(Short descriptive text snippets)
+++
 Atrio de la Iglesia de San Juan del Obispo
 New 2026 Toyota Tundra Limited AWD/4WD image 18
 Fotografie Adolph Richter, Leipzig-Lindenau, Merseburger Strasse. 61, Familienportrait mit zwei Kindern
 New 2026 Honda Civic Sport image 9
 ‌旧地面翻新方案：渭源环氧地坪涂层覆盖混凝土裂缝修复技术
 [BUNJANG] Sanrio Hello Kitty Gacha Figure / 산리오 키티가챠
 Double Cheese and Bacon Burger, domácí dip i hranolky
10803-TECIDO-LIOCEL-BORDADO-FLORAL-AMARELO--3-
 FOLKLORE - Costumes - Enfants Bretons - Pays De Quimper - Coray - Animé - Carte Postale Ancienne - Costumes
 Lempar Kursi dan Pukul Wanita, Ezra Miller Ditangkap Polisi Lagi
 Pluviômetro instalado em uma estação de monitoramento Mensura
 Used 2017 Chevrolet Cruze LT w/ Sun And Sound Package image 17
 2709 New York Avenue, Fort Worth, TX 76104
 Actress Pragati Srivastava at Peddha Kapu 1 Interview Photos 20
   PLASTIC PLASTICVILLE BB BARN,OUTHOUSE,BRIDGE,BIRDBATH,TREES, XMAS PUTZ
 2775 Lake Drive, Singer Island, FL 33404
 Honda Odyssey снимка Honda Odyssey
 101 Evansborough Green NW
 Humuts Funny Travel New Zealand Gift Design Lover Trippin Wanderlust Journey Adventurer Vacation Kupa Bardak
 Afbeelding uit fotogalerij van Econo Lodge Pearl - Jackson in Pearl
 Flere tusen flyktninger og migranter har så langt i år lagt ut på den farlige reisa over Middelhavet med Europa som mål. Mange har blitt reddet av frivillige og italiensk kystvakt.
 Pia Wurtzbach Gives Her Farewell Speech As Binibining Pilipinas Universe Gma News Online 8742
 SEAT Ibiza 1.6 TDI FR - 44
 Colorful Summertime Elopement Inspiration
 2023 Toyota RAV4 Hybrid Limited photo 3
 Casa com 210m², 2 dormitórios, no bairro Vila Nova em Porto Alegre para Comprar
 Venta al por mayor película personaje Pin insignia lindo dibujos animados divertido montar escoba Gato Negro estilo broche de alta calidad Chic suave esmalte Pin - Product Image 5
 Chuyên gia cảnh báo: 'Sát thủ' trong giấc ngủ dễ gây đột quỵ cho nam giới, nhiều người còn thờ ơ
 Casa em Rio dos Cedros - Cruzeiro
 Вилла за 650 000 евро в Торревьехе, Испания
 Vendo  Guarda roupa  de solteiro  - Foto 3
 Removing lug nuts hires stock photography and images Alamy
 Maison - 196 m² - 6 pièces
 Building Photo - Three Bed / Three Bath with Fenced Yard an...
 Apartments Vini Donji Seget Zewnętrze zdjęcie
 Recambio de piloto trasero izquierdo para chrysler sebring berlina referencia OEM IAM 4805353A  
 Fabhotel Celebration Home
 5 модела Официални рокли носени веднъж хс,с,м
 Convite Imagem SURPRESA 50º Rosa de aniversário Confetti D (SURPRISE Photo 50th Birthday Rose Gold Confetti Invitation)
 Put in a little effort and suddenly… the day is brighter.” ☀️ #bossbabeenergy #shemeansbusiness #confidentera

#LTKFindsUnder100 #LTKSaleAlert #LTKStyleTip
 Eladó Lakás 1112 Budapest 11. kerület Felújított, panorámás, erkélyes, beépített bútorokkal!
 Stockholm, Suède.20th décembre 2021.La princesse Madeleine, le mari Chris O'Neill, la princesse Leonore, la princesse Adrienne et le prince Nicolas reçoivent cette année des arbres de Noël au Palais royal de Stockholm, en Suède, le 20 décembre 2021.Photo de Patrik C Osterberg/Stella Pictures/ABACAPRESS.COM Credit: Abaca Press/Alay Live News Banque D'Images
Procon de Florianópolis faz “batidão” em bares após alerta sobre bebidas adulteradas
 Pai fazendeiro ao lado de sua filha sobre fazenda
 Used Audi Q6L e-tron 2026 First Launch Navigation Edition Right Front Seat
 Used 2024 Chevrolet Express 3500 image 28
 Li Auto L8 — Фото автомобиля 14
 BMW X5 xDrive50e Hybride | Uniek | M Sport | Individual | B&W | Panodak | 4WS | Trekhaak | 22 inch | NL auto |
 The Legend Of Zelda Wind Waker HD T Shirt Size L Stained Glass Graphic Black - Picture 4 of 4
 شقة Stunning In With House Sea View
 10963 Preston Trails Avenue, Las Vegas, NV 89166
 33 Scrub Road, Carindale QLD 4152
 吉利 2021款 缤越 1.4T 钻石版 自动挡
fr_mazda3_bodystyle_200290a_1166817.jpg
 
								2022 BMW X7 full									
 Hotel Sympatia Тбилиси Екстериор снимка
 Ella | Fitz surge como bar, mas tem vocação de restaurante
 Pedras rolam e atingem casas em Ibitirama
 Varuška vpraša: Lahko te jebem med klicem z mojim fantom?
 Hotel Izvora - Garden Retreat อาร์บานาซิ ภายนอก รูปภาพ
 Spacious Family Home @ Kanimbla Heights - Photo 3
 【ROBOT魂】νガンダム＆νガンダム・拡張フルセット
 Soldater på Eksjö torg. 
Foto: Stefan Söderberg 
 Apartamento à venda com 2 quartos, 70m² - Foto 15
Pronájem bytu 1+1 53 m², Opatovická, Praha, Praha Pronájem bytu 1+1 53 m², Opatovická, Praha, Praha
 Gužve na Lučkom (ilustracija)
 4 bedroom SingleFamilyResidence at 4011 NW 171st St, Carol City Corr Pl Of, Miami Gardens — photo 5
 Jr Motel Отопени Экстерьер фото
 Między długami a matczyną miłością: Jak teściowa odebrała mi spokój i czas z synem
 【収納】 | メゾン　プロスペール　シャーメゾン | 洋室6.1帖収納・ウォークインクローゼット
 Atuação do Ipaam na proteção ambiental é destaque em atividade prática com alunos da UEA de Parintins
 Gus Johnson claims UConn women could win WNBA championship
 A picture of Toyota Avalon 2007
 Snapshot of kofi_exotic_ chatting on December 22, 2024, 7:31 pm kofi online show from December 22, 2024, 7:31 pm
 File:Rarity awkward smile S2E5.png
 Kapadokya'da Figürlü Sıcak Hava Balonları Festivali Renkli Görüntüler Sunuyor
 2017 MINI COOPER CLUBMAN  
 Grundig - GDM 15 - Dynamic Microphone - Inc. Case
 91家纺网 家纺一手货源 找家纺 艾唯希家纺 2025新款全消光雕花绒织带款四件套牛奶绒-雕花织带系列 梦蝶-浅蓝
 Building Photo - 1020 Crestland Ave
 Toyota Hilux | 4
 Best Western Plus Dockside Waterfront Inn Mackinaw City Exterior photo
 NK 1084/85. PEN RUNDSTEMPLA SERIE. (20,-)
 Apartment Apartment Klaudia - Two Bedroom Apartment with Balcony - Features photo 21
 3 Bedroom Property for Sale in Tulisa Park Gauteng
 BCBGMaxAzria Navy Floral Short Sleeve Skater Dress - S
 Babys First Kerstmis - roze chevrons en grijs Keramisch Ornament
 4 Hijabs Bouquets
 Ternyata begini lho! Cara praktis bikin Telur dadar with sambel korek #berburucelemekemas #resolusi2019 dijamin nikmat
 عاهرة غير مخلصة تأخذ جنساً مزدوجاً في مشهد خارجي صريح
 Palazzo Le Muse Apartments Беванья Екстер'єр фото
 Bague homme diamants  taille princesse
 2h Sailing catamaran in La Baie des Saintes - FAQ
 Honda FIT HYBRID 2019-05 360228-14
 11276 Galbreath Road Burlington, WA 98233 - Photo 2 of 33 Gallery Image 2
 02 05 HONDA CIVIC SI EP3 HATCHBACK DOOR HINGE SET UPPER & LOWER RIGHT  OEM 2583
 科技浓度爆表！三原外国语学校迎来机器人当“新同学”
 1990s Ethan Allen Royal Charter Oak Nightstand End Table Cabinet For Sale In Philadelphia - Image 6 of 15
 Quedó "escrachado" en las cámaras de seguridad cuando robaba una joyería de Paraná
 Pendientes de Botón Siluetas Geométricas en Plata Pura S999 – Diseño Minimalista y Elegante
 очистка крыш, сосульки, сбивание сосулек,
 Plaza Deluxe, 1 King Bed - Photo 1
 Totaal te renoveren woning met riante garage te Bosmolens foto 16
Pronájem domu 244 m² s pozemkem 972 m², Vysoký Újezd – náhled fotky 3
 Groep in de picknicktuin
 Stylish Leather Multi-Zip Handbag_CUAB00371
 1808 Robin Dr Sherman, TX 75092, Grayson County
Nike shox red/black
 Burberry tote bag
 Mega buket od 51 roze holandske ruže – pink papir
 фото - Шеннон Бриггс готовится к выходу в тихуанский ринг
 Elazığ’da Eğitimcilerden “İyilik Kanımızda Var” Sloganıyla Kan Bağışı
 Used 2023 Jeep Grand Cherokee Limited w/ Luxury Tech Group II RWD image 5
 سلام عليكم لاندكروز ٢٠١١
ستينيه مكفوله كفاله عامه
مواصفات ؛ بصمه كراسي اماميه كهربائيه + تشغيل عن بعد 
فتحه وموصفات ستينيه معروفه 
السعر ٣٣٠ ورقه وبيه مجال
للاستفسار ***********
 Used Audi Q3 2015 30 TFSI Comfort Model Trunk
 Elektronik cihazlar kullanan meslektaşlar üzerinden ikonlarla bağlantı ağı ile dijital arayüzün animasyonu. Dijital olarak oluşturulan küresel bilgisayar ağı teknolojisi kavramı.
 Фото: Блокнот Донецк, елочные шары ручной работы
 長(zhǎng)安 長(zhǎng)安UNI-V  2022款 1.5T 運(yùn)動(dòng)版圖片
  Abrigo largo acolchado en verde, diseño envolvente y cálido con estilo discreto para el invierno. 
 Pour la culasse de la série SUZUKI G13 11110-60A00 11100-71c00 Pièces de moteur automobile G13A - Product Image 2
+++
Look through the data and gather every line with the string "Home" in it.

 Fabhotel Celebration Home
 Spacious Family Home @ Kanimbla Heights - Photo 3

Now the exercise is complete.